BARBARA A. PURLEE, PLAINTIFF-APPELLANT,
v.
LIBERTY MUTUAL FIRE INSURANCE COMPANY, DEFENDANT-APPELLEE. KATHLEEN L. ALLEN, PLAINTIFF-APPELLANT, V. LIBERTY MUTUAL FIRE INSURANCE COMPANY, DEFENDANT-APPELLEE.



Appeal from the Circuit Court of Madison County. No. 90-L-1712. Honorable P.J. O'Neill, Judge Presiding. Appeal from the Circuit Court of Madison County. No. 90-L-1713. Honorable A. A. Matoesian, Judge Presiding.

Petition for Leave to Appeal Denied October 6, 1994.

Welch, Lewis, Rarick

The opinion of the court was delivered by: Welch

JUSTICE WELCH delivered the opinion of the court:

The matter before us on appeal is a consolidation of two cases filed on December 28, 1990, in the circuit court of Madison County: Barbara A. Purlee v. Liberty Mutual Fire Insurance Co., case no. 90-L-1712, and Kathleen Allen v. Liberty Mutual Fire Insurance Co., case no. 90-L-1713. Plaintiff Purlee appeals from the October 13, 1991, order of the circuit court granting defendant's motion for summary judgment and the December 23, 1991, order of the circuit court denying plaintiff's motion to reconsider. Plaintiff Allen appeals from the December 6, 1991, order of the circuit court granting defendant's motion for summary judgment and the January 24, 1992, order of the circuit court denying plaintiff's motion to reconsider. Plaintiffs present the following issues for our consideration on appeal:

(1) whether the availability of underinsured motorist coverage to a claimant, when the at-fault motorist's liability insurance is exhausted by payments to other claimants injured in the same occurrence, should be determined by comparing the amount of the claimant's underinsured motorist coverage to the stated amount of the at-fault motorist's liability coverage or to the amount the claimant actually recovers from the at-fault motorist's coverage;

(2) whether, if the underinsured motorist coverage statute is interpreted to deny coverage to Purlee and Allen upon the facts they allege, the statute involves an improper legislative classification which denies them equal protection of the laws and due process of law, in violation of the United States and Illinois Constitutions;

(3) whether, in comparing the amount of the claimant's underinsured motorist coverage with the liability coverage of an at-fault motorist who carries combined single-limit coverage, to determine the availability of the underinsured motorist coverage to an occurrence, the amount of the at-fault motorist's liability coverage should be reduced by the amount of property damage coverage required by the Illinois Safety Responsibility Law (Ill. Rev. Stat. 1989, ch. 95 1/2, par. 7-100 et seq.) (applies to Purlee case only);

(4) whether an insurance company, by its conduct in failing to furnish its insured with a copy of her policy despite repeated requests, in failing to timely advise its insured that it denies coverage of her claim, and in failing to offer its insured a reasonable and accurate explanation on the basis of her insurance policy or applicable law why her claim should be denied, is estopped from claiming, in the insured's subsequent suit to recover insurance benefits she claims are due, that coverage does not apply; and

(5) whether the viability of an insured's statutory and common law causes of action against her insurance company alleging that it violated various provisions of the Illinois Insurance Code (Insurance Code) (Ill. Rev. Stat. 1989, ch. 73, par. 613 et seq.) and failed to act in good faith and deal fairly with her in handling her insurance claim depends on whether her underlying insurance claim is resolved in her favor.

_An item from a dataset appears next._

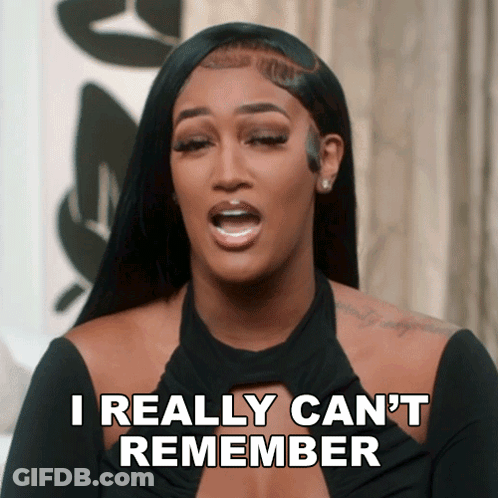 Woman In Black Dress Says I Really Can't Remember GIF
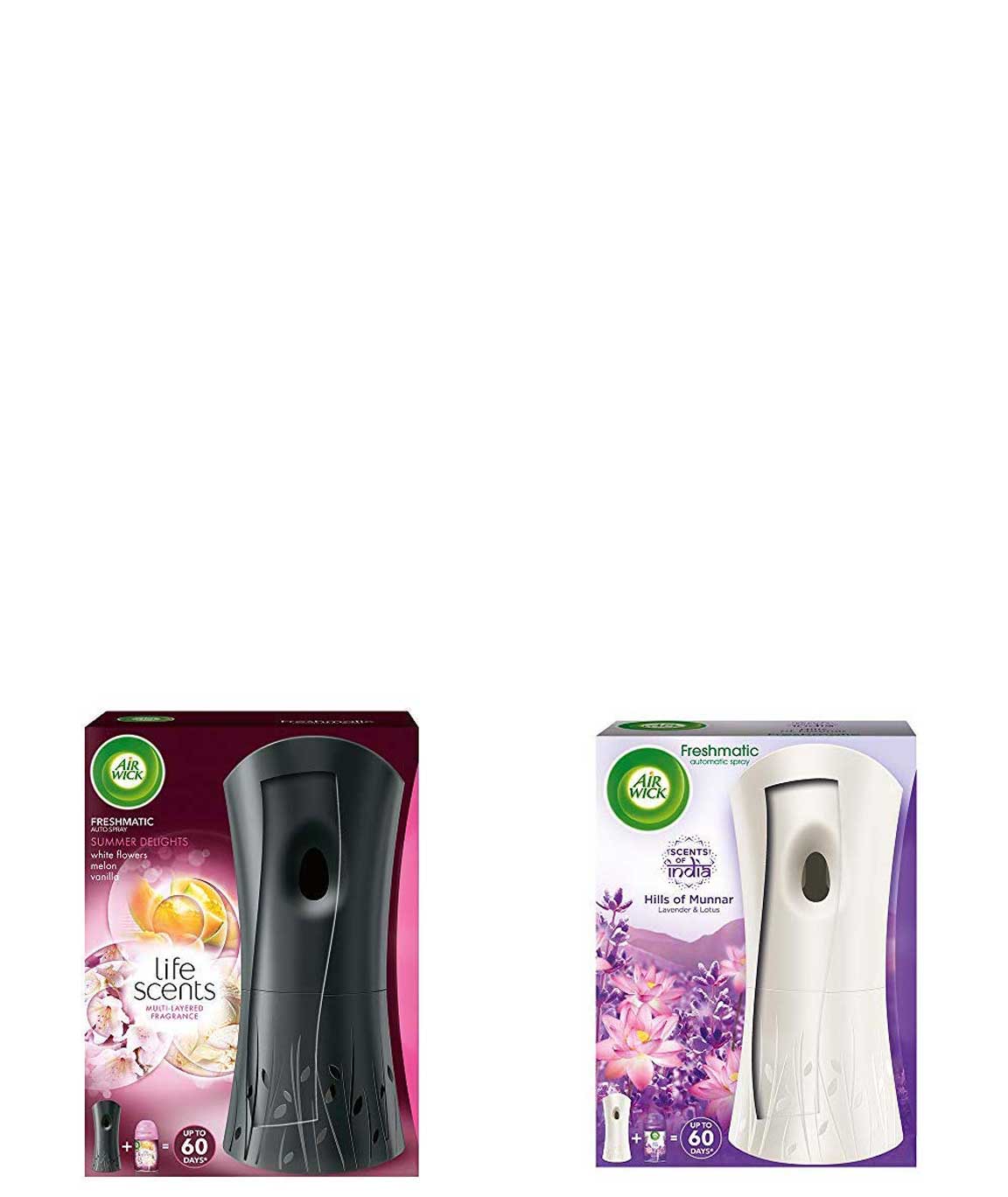 Airwick Freshmatic Complete Kit - Automatic Air Freshener - Summer Delights (250 ml) & Freshmatic Air Freshener Complete Kit - 250 ml (Hills of Munnar) Combo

Plaintiffs alleged in their respective complaints that they were injured on January 31, 1989, when a motor vehicle driven by Bobby Loew collided with a building in which they were located. The record indicates that plaintiffs and five other individuals were attending a craft class on that date in the building into which Loew's pickup truck crashed and that Loew was charged with driving under the influence of alcohol. Plaintiffs alleged that as a result of that collision, they sustained damages, including severe and permanent injuries, pain and suffering, disability, disfigurement, past and future medical expenses, and past and future lost wages. Plaintiff Allen alleged that her damages exceeded $20,000; plaintiff Purlee alleged that her damages exceeded $100,000.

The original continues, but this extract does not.